• _THE DATA_:

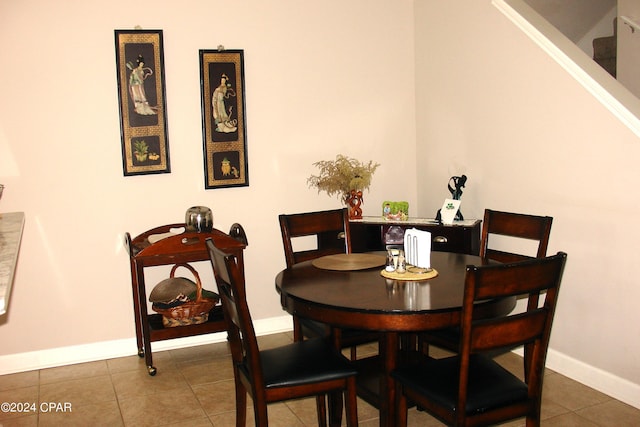 view of tiled dining space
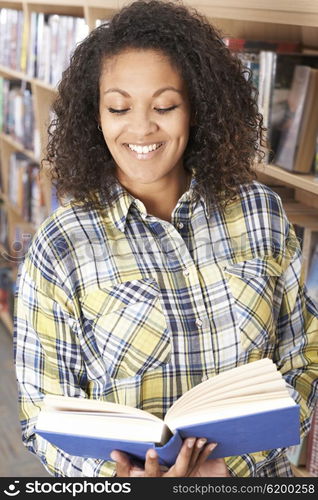 Female Student Reading Book In Library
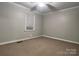 Simple bedroom with carpeted floor and window with blinds at 235 Linda St, Salisbury, NC 28146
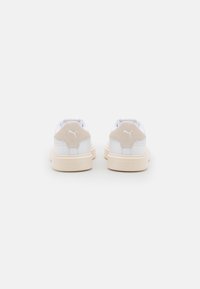 White sneakers with light beige suede accents, a cushioned sole, perforated detailing on the heel, and embossed logo on the back.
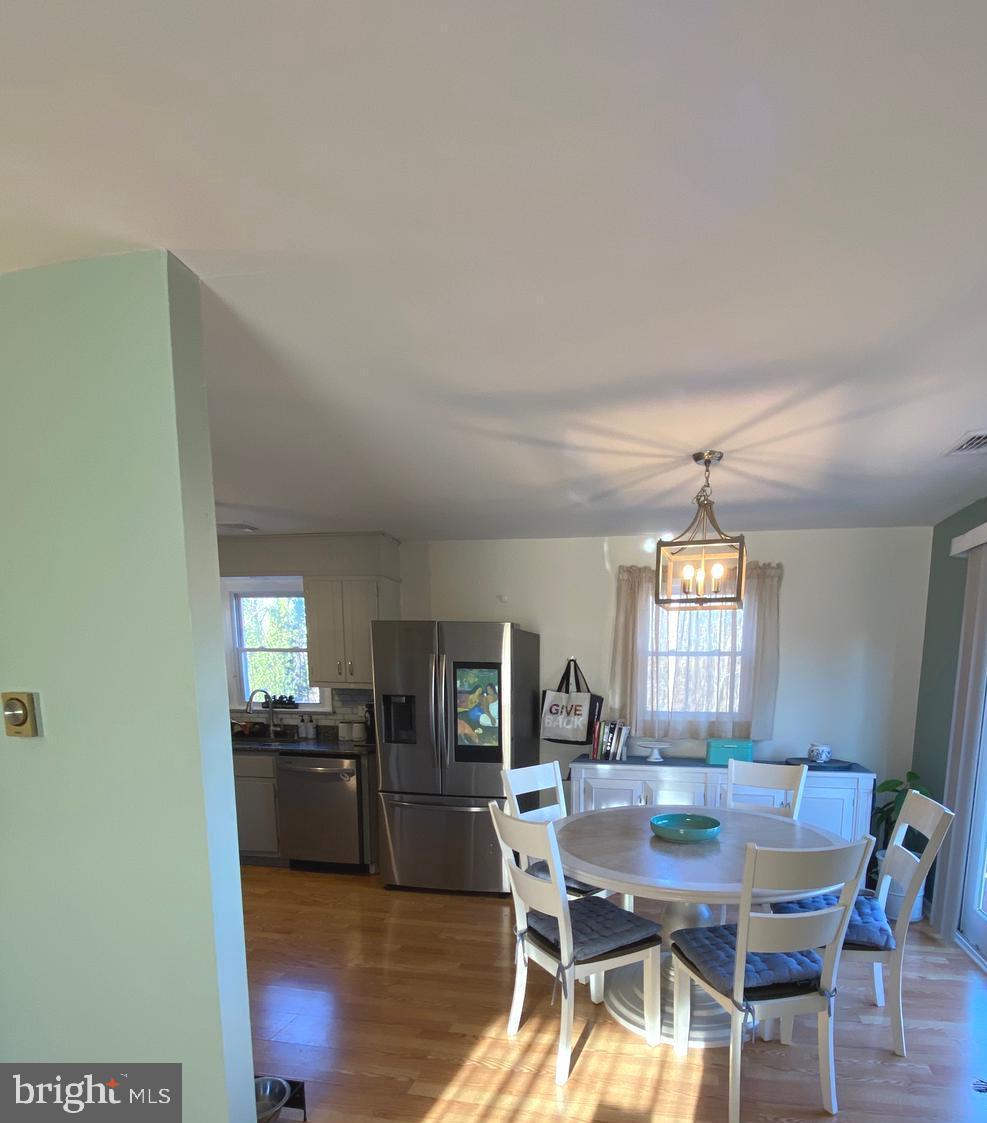 847 Rivendell Lane Pottstown, PA 19464 - Photo 12 of 41 a view of a dining room with furniture window and wooden floor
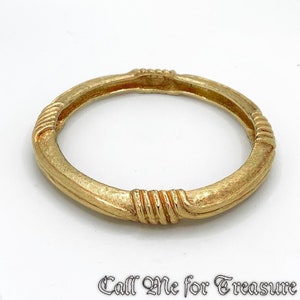 Puede incluir: Un brazalete dorado con una superficie texturizada y detalles acanalados. El brazalete tiene un diseño circular con una forma ligeramente ovalada. El texto "Call Me for Treasure" está en la parte inferior.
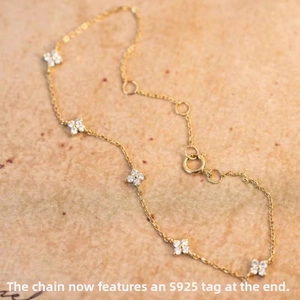 Detailed close-up of S925 sterling silver golden clover bracelet with zircon stones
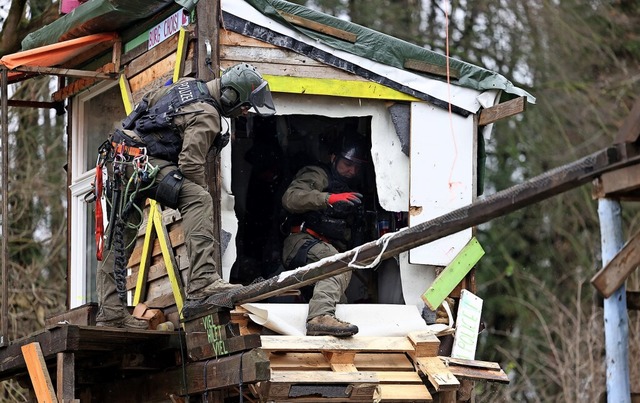 Polizisten durchsuchen ein von Klimaak...n aufgegebenes Holzhaus bei Ltzerath.  | Foto: Rolf Vennenbernd (dpa)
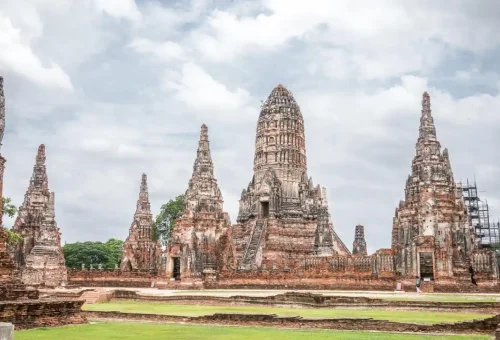 Traveler exploring Ayutthaya's ancient ruins and tasting traditional Thai food on the Ancient Ayutthaya Food & History Tour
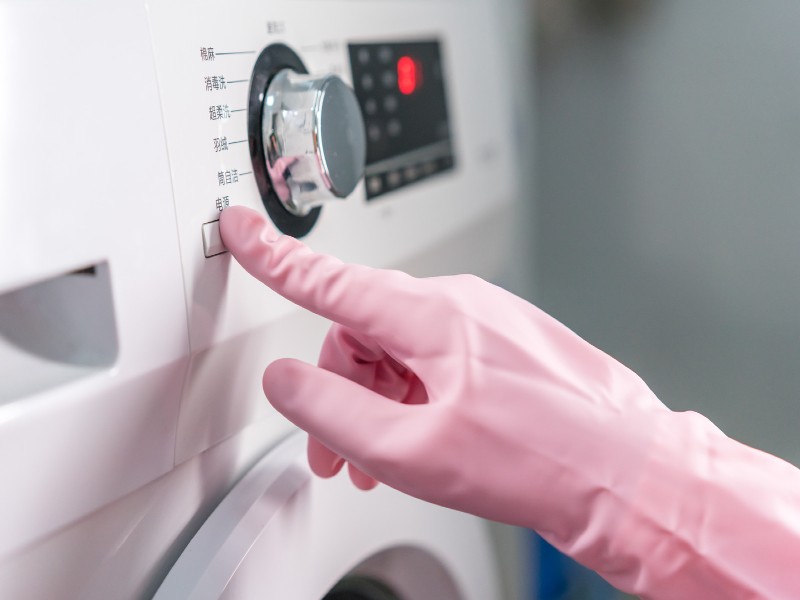Γάντι χεριών πατάει κουμπί σε πλυντήριο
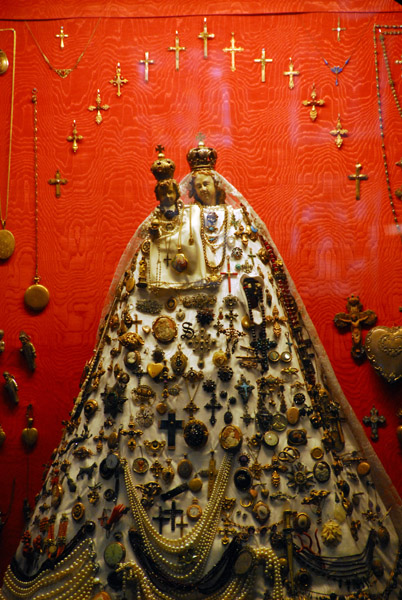 Madonna and Child covered with offerings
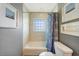 Bright bathroom features a tiled tub and shower and neutral wall paint at 3171 Highlands Rd, Punta Gorda, FL 33983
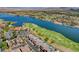 Aerial of community featuring a lake, golf course, and luxury homes at 3 Hilltop Crest St, Henderson, NV 89011
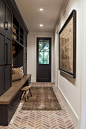 French country brick floor entryway photo in Denver with a black front door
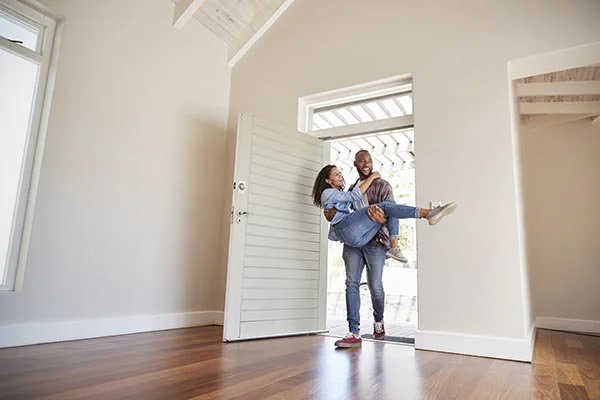 wife being carried into new home after wedding
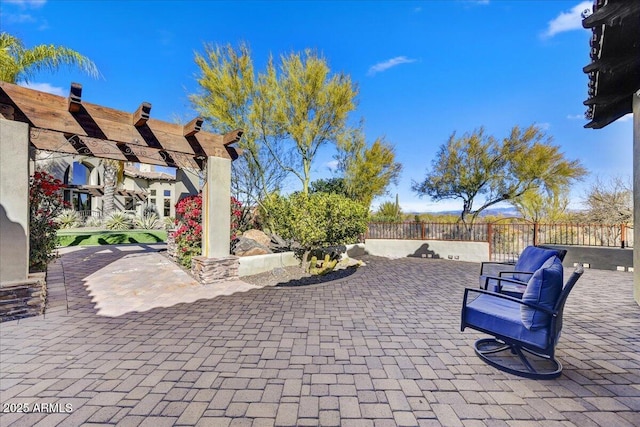 view of patio featuring a pergola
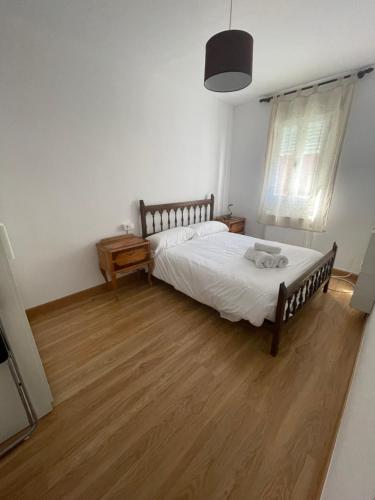 1 dormitorio con 1 cama y suelo de madera en El caserío de la abuela, en Cabezuela del Valle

• _EXERCISE INSTRUCTIONS_: Reproduce the opening lines of the material above exactly, ending with the line that contains "Puede incluir: Un". Omit every picture.

• _TASK SOLUTION_:
 view of tiled dining space
 Female Student Reading Book In Library
 Simple bedroom with carpeted floor and window with blinds at 235 Linda St, Salisbury, NC 28146
 White sneakers with light beige suede accents, a cushioned sole, perforated detailing on the heel, and embossed logo on the back.
 847 Rivendell Lane Pottstown, PA 19464 - Photo 12 of 41 a view of a dining room with furniture window and wooden floor
 Puede incluir: Un brazalete dorado con una superficie texturizada y detalles acanalados. El brazalete tiene un diseño circular con una forma ligeramente ovalada. El texto "Call Me for Treasure" está en la parte inferior.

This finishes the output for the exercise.